One of the things about the books of Jane Haddam that I greatly enjoy is that I always learn more about some things than perhaps I wanted to know, and others that I didn't know I needed to know until after I'd learned them. She does her homework. Dense and multi-layered, they're not at all easy to read, and once you get into one, they're even harder to put down, but OH! They are so very satisfying in the process as well as afterwards, and you'll re-read the book for weeks afterward in your mind.

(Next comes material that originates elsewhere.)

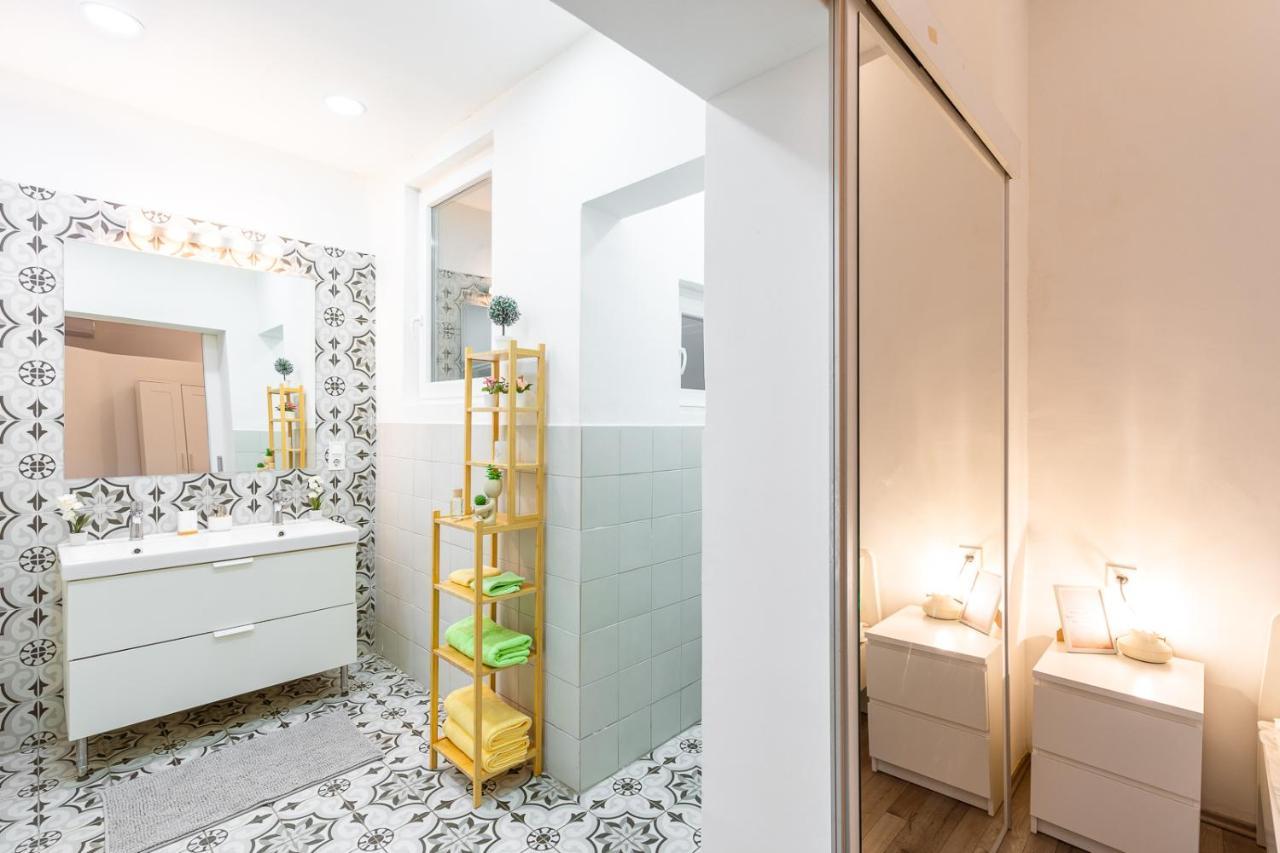 Apartman Home-away From @central Bp *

This one takes Gregor Demarkian--at the behest of his old college friend, David Sandler, America's most well-known atheist--to the ocean shore of North Carolina, when, in the aftermath of a hurricane, a baby's corpse is discovered. Bonaventura is the highest ground in the area, therefore it had been opened by its owner, Zhondra Meyer, as a refuge to the townfolk who had no other place to go. Ginny Marsh had another reason for being there; she did occasional typing work for Zhondra, always taking her infant daughter Tiffany with her. It is Tiffany who becomes the main focus of the story--was she mutilated to serve the devil-worship thought to happen at Bonaventura? Or did her mother or father murder her for other reasons? Or, instead of the devil, was the homage being paid to the Goddess?

Zhondra had already opened the gates of Bonaventura for other reasons--as a camp for gay women. Although, to be sure, it was inhabited more by women who had been abused in their marriages, and who finally found a safe haven behind the iron gates. As a member of the Communist Party, Zhondra felt obliged to use her immense inherited wealth to benefit those who had none of their own. Dissatisfied with her own life, she thought to help others find a better way to manage theirs. It was a good idea, but not a very successful venture.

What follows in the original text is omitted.